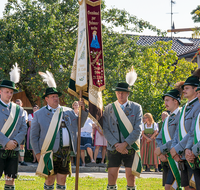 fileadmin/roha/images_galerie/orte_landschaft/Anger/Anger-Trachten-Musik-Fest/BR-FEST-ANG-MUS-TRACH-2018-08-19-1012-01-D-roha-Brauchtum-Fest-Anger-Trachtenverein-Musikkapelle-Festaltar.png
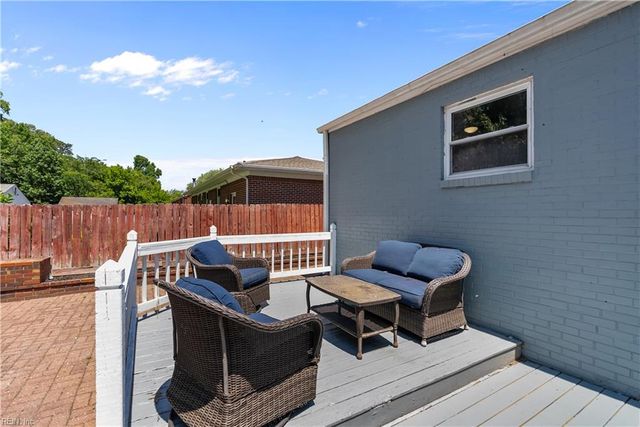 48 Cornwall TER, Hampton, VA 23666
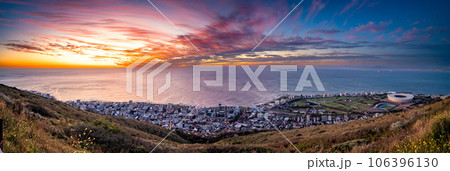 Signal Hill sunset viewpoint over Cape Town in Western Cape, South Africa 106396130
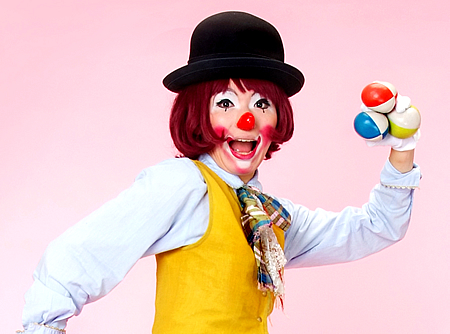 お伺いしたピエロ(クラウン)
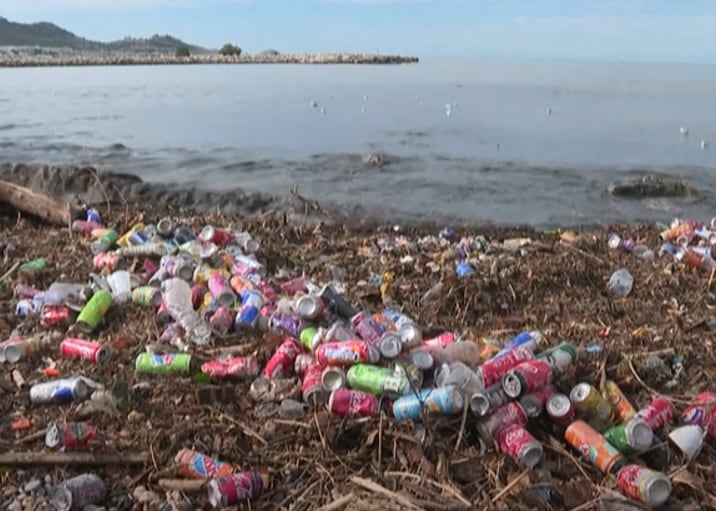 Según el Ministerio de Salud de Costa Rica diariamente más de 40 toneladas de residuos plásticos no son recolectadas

────────────────────

The task:
Give every entry again verbatim, with no pictures.

Answer:
 fileadmin/roha/images_galerie/orte_landschaft/Anger/Anger-Trachten-Musik-Fest/BR-FEST-ANG-MUS-TRACH-2018-08-19-1012-01-D-roha-Brauchtum-Fest-Anger-Trachtenverein-Musikkapelle-Festaltar.png
 48 Cornwall TER, Hampton, VA 23666
 Signal Hill sunset viewpoint over Cape Town in Western Cape, South Africa 106396130
 お伺いしたピエロ(クラウン)
 Según el Ministerio de Salud de Costa Rica diariamente más de 40 toneladas de residuos plásticos no son recolectadas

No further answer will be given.